Officiers d'emblée.—Stage militaire.—François de la Noüe Bras-de-fer et les Ecoles militaires.—Gentilshommes simples soldats.—La Vernade, Beauharnais, Praslin, Rohan, Dampierre, La Guiche, Biron.—Marc Courtin.—Le Tiers-État, séminaire de Noblesse.—La révolution et les privilèges.—La terre aux paysans.—Les naufrageurs.—In sudore sanguinis.
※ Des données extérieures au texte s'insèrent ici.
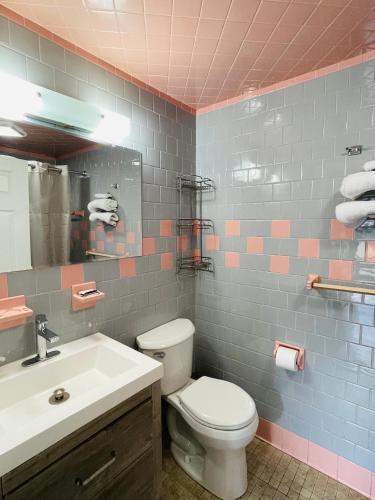 ห้องน้ำ, Avalon Motel in ซอกัส (MA)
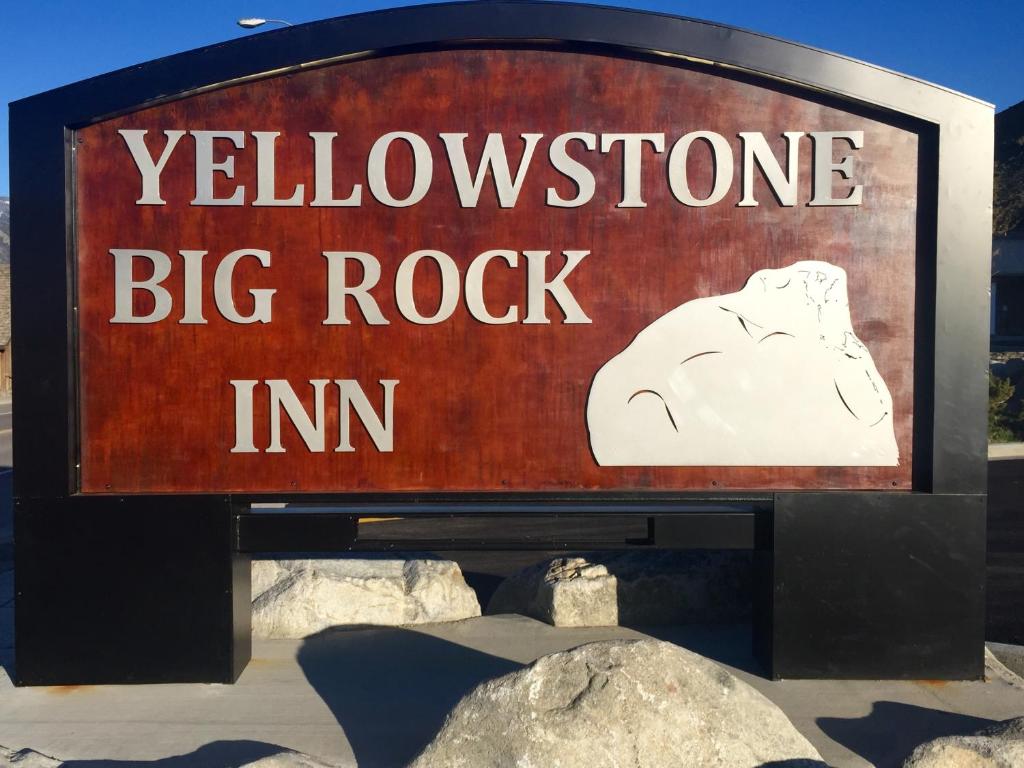 Certifikát, hodnocení, plakát nebo jiný dokument vystavený v ubytování Yellowstone Big Rock Inn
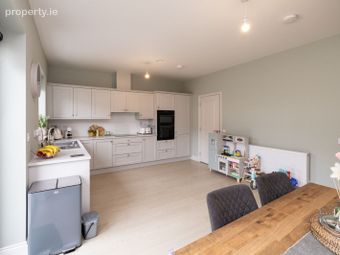 29 Ash Green, Kilcarbery Grange, Clondalkin, Dublin 22 - Image 5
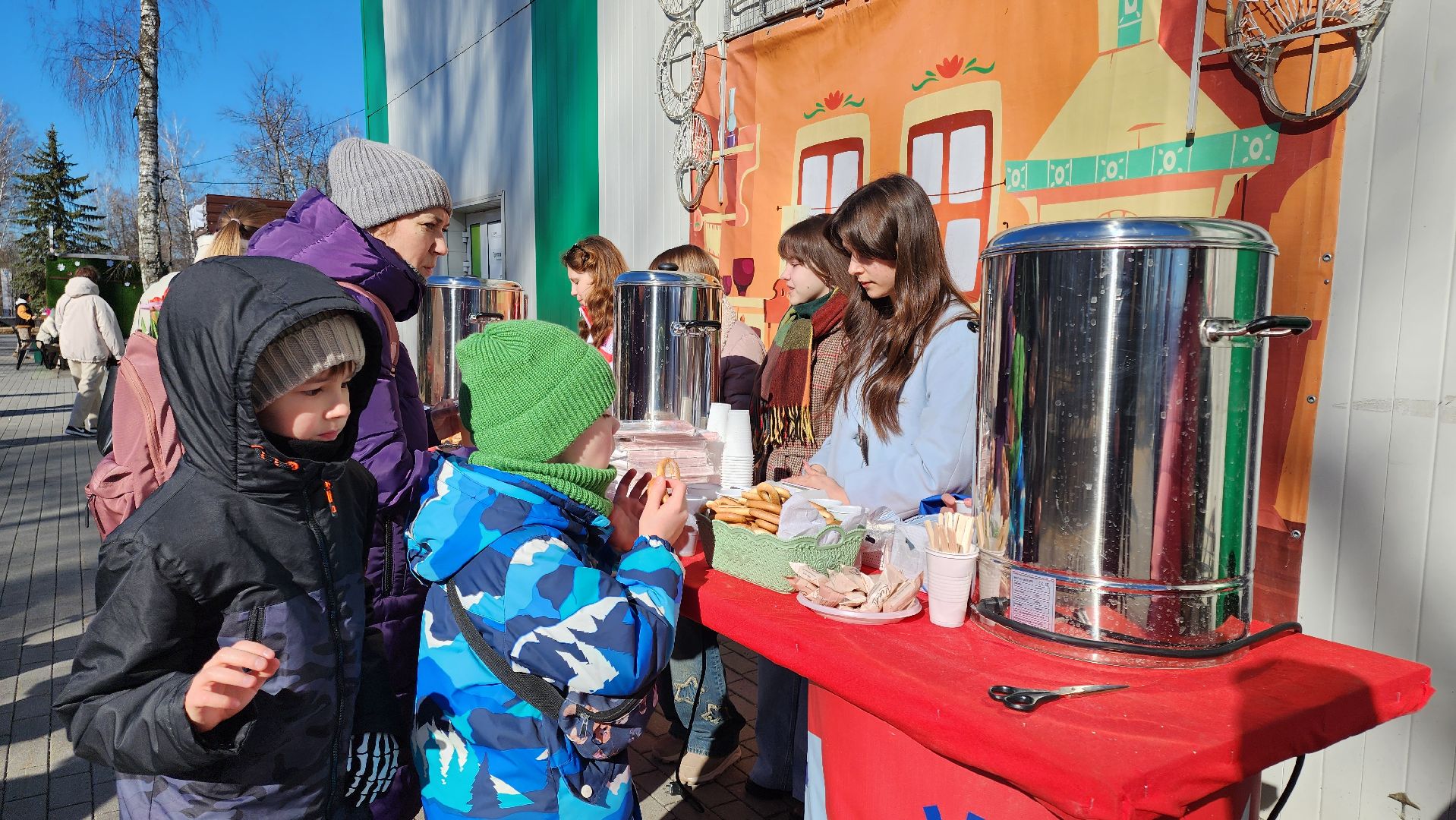 кашира, парк, 8 марта, праздник, чайная станция, угощения,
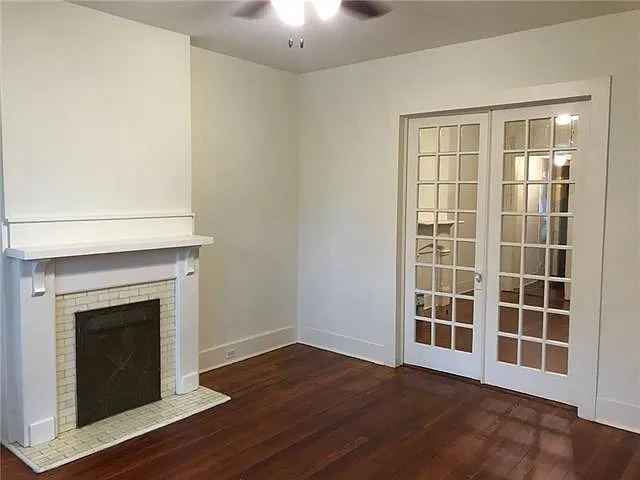 1121 N Galvez St — Photo 7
Un préjugé très répandu, c'est que tout noble était officier d'emblée; pas plus, cependant, que de nos jours, un Saint-Cyrien. Le stage militaire était aussi rigoureux autrefois qu'à présent. Avant l'institution des Écoles militaires, réclamée dès 1580 par François de la Noüe[27], les jeunes gentilshommes l'accomplissaient aux XIVe et XVe siècles, sous la conduite des chevaliers ou des écuyers; plus tard, dans les compagnies d'archers, puis dans les régiments. Une ordonnance du 30 septembre 1668, rendue par Bouchu, intendant de Bourgogne, appelle à faire les preuves de leur noblesse les gentilshommes alors au service du Roi comme «simples soldats de cavallerye ou d'infanterye»[28]. En 1641, Jean de la Vernade est cavalier au régiment de Sirot[29]; en 1673, Mr de Beauharnois, cavalier au régiment des Fourneaux; Mr de Praslin, cavalier au Régiment Royal; Mrs de Rohan, de Renouard, de Cochefillet, de Dampierre, de la Guiche, cavaliers au régiment Royal-Wallon[30]; en 1693, Mr de Biron, cavalier au régiment de Girardin, et Mr de Praslin, au régiment de Florensac[31]. On trouvera, dans cette histoire généalogique, Marc Courtin, mort brigadier des armées du Roi, servant d'abord comme simple soldat[32]. On verra plus loin ce qu'il faut penser de cet autre préjugé que les nobles seuls pûssent parvenir aux grades. Et quand il en eût été ainsi, les rangs de la Noblesse n'étaient-ils pas ouverts au mérite? Encore une fois, elle ne constituait pas une caste, la caste étant exclusive, «mais une classe de familles illustres dans laquelle chacun pouvait aspirer à se faire admettre, ou à faire admettre ses enfants; d'où l'adage ancien: Le Tiers-Estat est séminaire de Noblesse[33].»
La révolution se glorifie de la suppression des privilèges, c'est-à-dire qu'elle a lésé toutes les classes, car chacune avait les siens: la bourgeoisie, le privilège du commerce; les travailleurs, le privilège de rester à leurs travaux et de ne payer pas l'impôt du sang. La révolution a dit au peuple qu'elle supprimait des barrières, quand elle supprimait les échelons par lesquels les citoyens de la condition même la plus modeste pouvaient, le mérite aidant, monter jusques à la cîme sociale[34]. Elle a, tout au contraire, dressé des barrières à peu près infranchissables pour la masse du peuple, parqué désormais dans son milieu comme dans une galère; elle lui donne à ronger l'os de la prétendue gratuité de l'enseignement primaire; mais l'élévation croissante du niveau des études supérieures creuse entre le peuple et les privilégiés de l'instruction un fossé dont les ouvriers intelligents perçoivent seuls la largeur et la profondeur. La révolution les a même dépouillés des avantages qui découlaient de l'association corporative, et qu'elle n'a compensés par rien.